On a side note, I've been thinking about love and what it's supposed to be like. Each person's expression of love is so different from the next person. I've seen people totally gaa-gaa for each other - in the moony, lovey-dovey way. And I've seen people who are just super comfortable with another that turns into tenderness. And I think I've seen love where it was only in the negative where love was appreciated - only when the relationship was in trouble did expressions of love come about.
I don't think I've ever been in love. I wonder if someone can articulate what that feels like for me, or if I just have to wait and see for myself.
Sorry for the very girly post. I'll try something more interesting next time.

4 Comments:

  • At 4:09 PM, Blogger Sam Negus said…

    At the risk of responding to a girly post with one of those comments that comes across as a man trying to be ultra impressively religious, wise and great (all of which I am not), the only true love is that which is commanded and commandable. Because that alone is the love that mirrors God's love. Our tendency is to feel left out if we don't 'have love' because we want to be loved, but even God himself gets frustrated by the act of loving people. Don't be tempted to write off your last 2 years and 4 months as a loss. And don't fear marriage when it comes. You'll be alright!

     
  • At 3:19 AM, Anonymous Anonymous said…

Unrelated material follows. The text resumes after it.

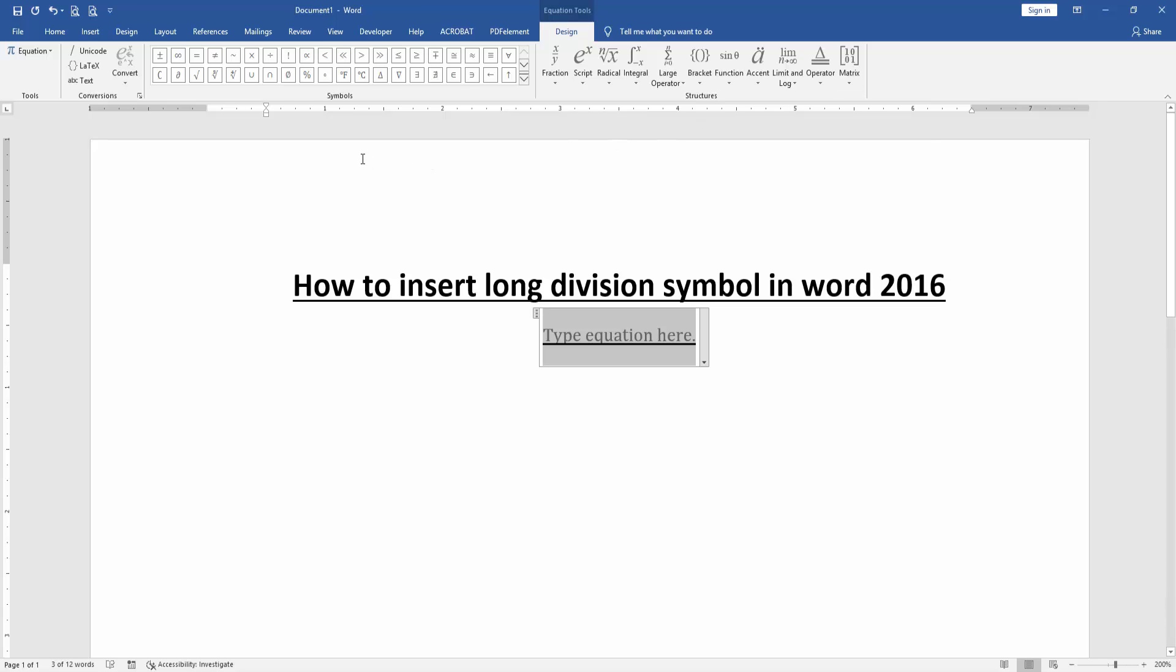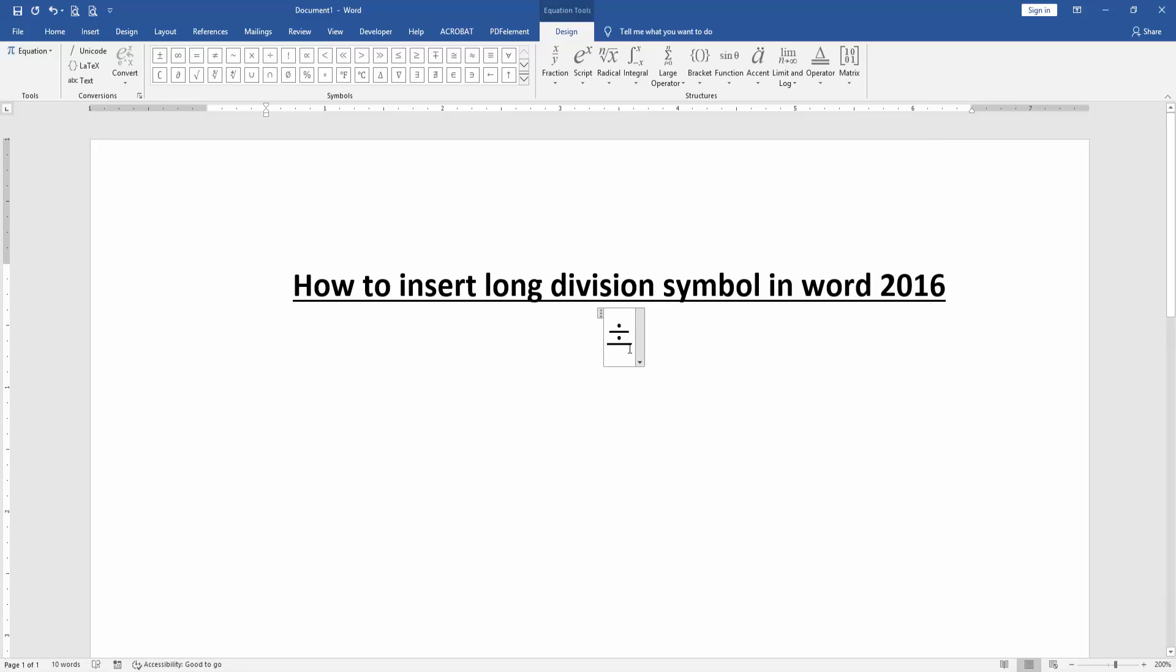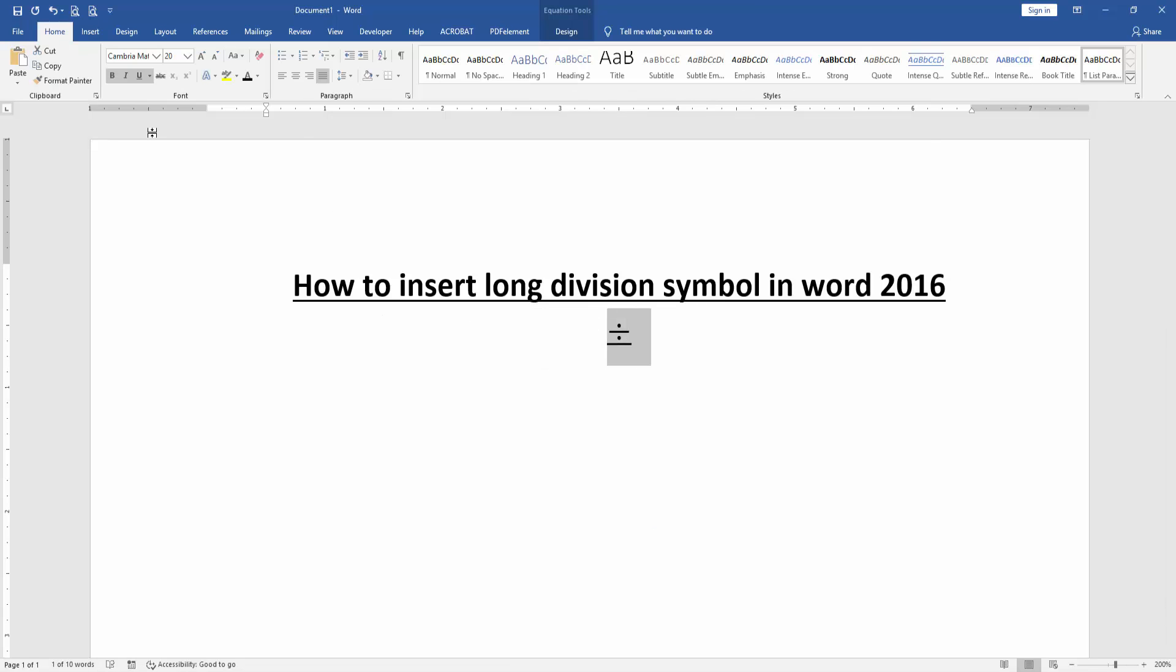Then choose a division symbol. Then select the division symbol and go back to the home menu, then increase the font size.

    Is love a fancy, or a feeling? No.
    It is immortal as immaculate Truth,
    'Tis not a blossom shed as soon as youth,
    Drops from the stem of life--for it will grow,
    In barren regions, where no waters flow,
    Nor rays of promise cheats the pensive gloom.
    A darkling fire, faint hovering o'er a tomb,
    That but itself and darkness nought doth show,
    It is my love's being yet it cannot die,
    Nor will it change, though all be changed beside;
    Though fairest beauty be no longer fair,
    Though vows be false, and faith itself deny,
    Though sharp enjoyment be a suicide,
    And hope a spectre in a ruin bare.
    -Hartley Coleridge

     
  • At 12:53 PM, Anonymous Anonymous said…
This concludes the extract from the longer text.